Amid ‘scandals,’ governing

5/28/2013
President  Obama recalibrates his counterterrorism strategy in a speech last week.
President Obama recalibrates his counterterrorism strategy in a speech last week.

The first article of conventional wisdom about the scandals that have lately embroiled the Obama Administration — Benghazi, the Internal Revenue Service, and the Justice Department’s pursuit of leaks to journalists — is that they are the President’s fault. That doesn’t quite fly.

If the beef with President Obama is that he is too remote and Olympian, that doesn’t square with the image of him as a micromanager of Nixonian cover-ups and government spying.

The IRS was out of hand; the Department of Justice was even more so. But the President fired the head of the IRS and, we suspect, will replace Attorney General Eric Holder before too long, Once the smoke clears and the politically manufactured hysteria dies down, the scandals will likely ease — precisely because they don’t reach the Oval Office.

Read more Blade editorials

The second article of received wisdom is that the President has been permanently damaged by these distractions. But that is true only if he believes it. So long as he chooses to use his bully pulpit, he still has the most power in the government and the biggest lectern. So long as he sticks to his agenda — public-works jobs, debt reduction, immigration reform, and gun control — he will not ultimately lose that agenda.

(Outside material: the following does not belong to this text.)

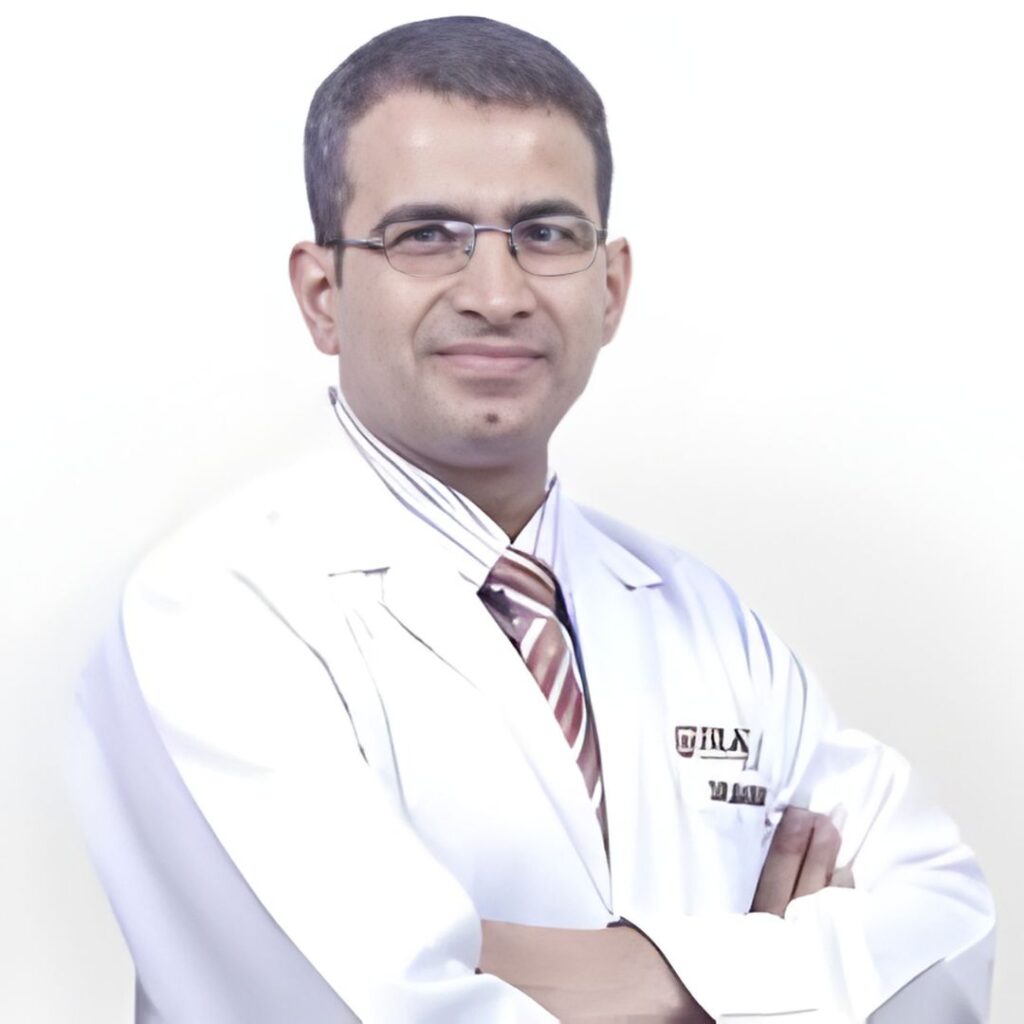 Dr. Manav Wadhawan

The President demonstrated this truth last week with his national security speech. He outlined his ideas for winding down the war on terror, renewed his plan to close the prison at Guantanamo, and avowed that he intends to control the Central Intelligence Agency — a task at least as important as reining in the IRS.

Presidential speeches don’t execute policy, but they do make it. Mr. Obama’s speech was important because a democratic republic cannot remain in a permanent state of war.

Second, the CIA should not be a war-making agency. And third, this country should not be detaining prisoners without due process for years on end. That’s not who we are.

The President made the case for his use of drone strikes. He said drones are flawed and dangerous, but they can minimize civilian casualties. He promised “to review proposals to extend oversight of lethal actions outside of war zones that go beyond our reporting to Congress.”

He pledged “to engage Congress … to determine how we can continue to fight terrorists without keeping America on a perpetual wartime footing.” That is a vital message: Time to begin rolling back the national security state.

The President was getting back to who we are and who he is. He was setting the agenda. And he pledged to review the Attorney General’s approach to prosecuting national security leaks, which Republicans previously have criticized as too lax.

For all the talk about Mr. Obama’s alleged passivity, he has set the agenda on such issues as expanding health insurance, ending two wars, stabilizing the economy, and reforming immigration and gun regulation.

There was no percentage for the President in returning to the topic of the horrific prison at Guantanamo. But it was the right thing to do.

You hear that this President is diminished. But you have to ask: Compared to whom? While much of Congress goes on Benghazi witch hunts and launches pointless and endless investigations of this outrage or that, the President’s political operatives and a few senators are pushing toward action on immigration, the deficit is coming down, and Obamacare is being carried out at less, not more, cost than what was expected.

Beyond the sideshow is governance. It’s not of great interest to much of the public, the media, or Congress, but the President is doing his job. The terror speech was a serious address about serious problems by a serious man doing a difficult job. What is the rest of Washington offering?